So, I'd need a SWM LNB, a SWiM-16, how many splitters, still don't understand the power inverter part?

Will the dish need to be realigned?

How does the splitter and one-line work? Is it two again on the receiver, or does the receiver just know that one is now two?

Oh and, we still have 3 HR20s. Will those work with this system?

Wish I'd looked into all this here BEFORE this AM's "service" call.


----------



## mini1 (Jan 25, 2004)

susanandmark said:


> Thank you for your quick responses. Just trying to wrap my head around and get all this.
> 
> OK, so I would, or would not, need a new dish (or just a new LNB)?


See above picture. It sounds like you do not need a new dish.



> Take one of the four lines currently going to our dish and hook it to the new one? Need to run a new line?


No need to run a new line, as long as your have RG6 coax. Reuse what you already have.



> In the attic where our current multi-switch is, we can put in a swim multiswitch (or whatever it now is ... a link perhaps could help me picture it?) and just screw the lines in just as now? Am I screwed up?


Yes, you are replacing the current multi-switch. The only change you will be making it that you be running ONE line to each receiver, including DVR's. You will use one SWM splitter. That will be new. You will be loosing lines.

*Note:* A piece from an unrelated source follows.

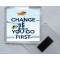 Change is Good You go First - Square Acrylic Fridge Magnet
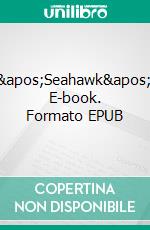 &apos;Seahawk&apos;. E-book. Formato EPUB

> What's a power inverter? None of our receivers would be close to the switch. Problem?


It is a power inserter, not inverter. It inserts power into the coax to run SWM.



> We need a splitter at every box now? Is that good for the signal?


No, who said you needed one? The DVR's split internally on SWM (assuming you have HR-20 or newer). Think of this like a cable TV set-up.


> Can/should we also set up whole home DVR (I don't want to get rid of any of our receivers though) service at same time? What is involved in that?


It is $3 per month. If you have the numbers of TV I think you have, then it would be a no brainier to add MRV. If you can remotely access the DVR's from another room, it may make sense to get some H24/H25's and ditch the outdated DVR's.



> If that's the route I go is there anything we can do in meantime to get our system up and running? Any ideas to try?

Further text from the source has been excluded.